For 2), I found that $\mathcal{E}$ is the perpendicular bisector of $[IJ]$.
For 3), I also found that $\mathcal{F}$ is the perpendicular bisector of $[IJ]$.
So my questions: -What do I have to write for $1)$,
- and are my descriptions of $\mathcal{E}$ and $\mathcal{F}$ correct?
Thank you in advance!
For 1), think of $A,B,C,$ and $D$ as the corners of a quadrilateral. If you order the points correctly, line segments $\overline{AB}$ and $\overline{CD}$ are then diagonals of a simple quadrilateral that bisect each other.
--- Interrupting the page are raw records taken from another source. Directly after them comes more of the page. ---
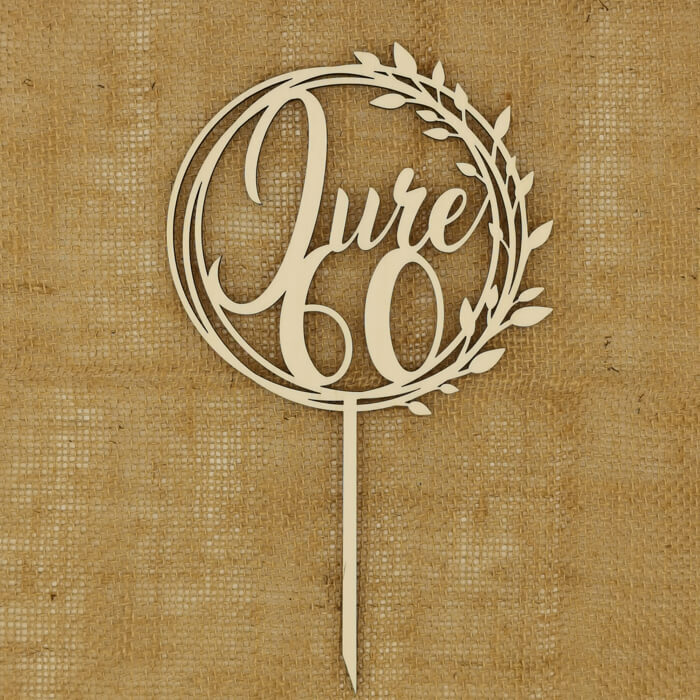 Toper za torto z imenom in številko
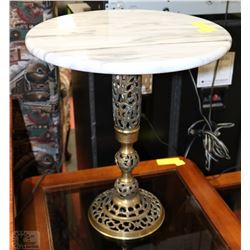ROUND MARBLE TABLE WITH BRASS BASE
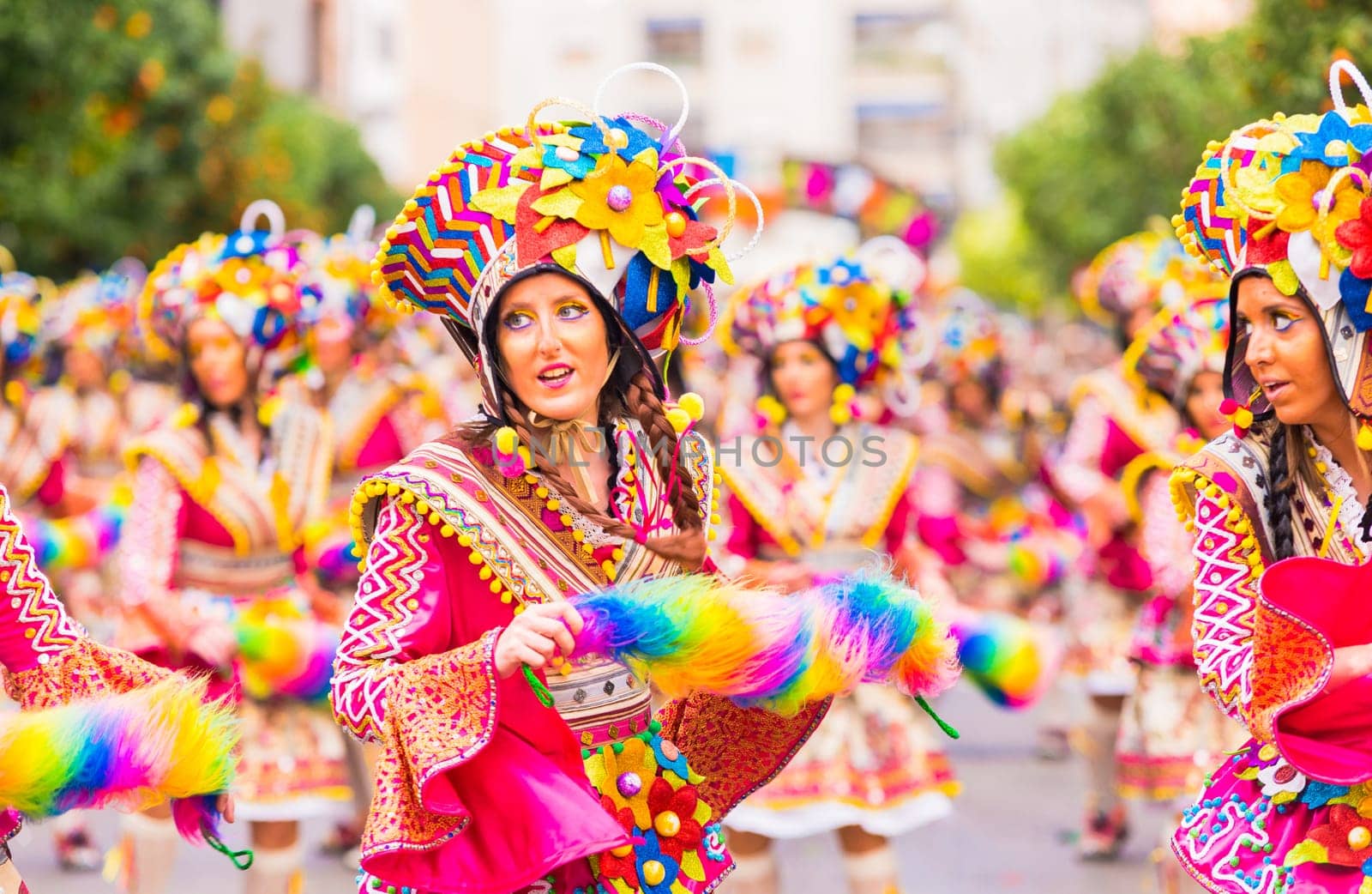 Badajoz, Spain, sunday. February.26. 2017 Participants in colorful costumes take part in the carnival parade in Badajoz 2017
Do you remember what kind of quadrilateral has diagonals that bisect each other? (The parallelogram $ACBD$.)
For 2), $\lVert \overrightarrow{MA} + \overrightarrow{MB} \rVert$ is twice the distance between $M$ and the midpoint of $A$ and $B$, and similarly for $C$ and $D$. So you are correct: $\mathcal{E}$ is the perpendicular bisector of $\overline{IJ}$. (A previous version of this answer overlooked the vector signs over $MA$ etc., so it was wrong.)
For 3), by the initial assumptions we see that $\overline{MI}$ is a median of triangle $\Delta ABM$ and $\overline{MJ}$ is a median of triangle $\Delta CDM$. Apollonius' theorem then gives us an equation for each triangle:
$$MA^2+MB^2=2IA^2+2MI^2$$ $$MC^2+MD^2=2JC^2+2MJ^2$$
The added assumptions for 3) make the left-hand-sides equal to each other, and $IA$ and $JC$ equal to each other. This makes
$$MI^2=MJ^2,\text { and thus}$$ $$MI=MJ$$
This means $M$ is on the perpendicular bisector of $\overline{IJ}$. So you are correct about $\mathcal{F}$.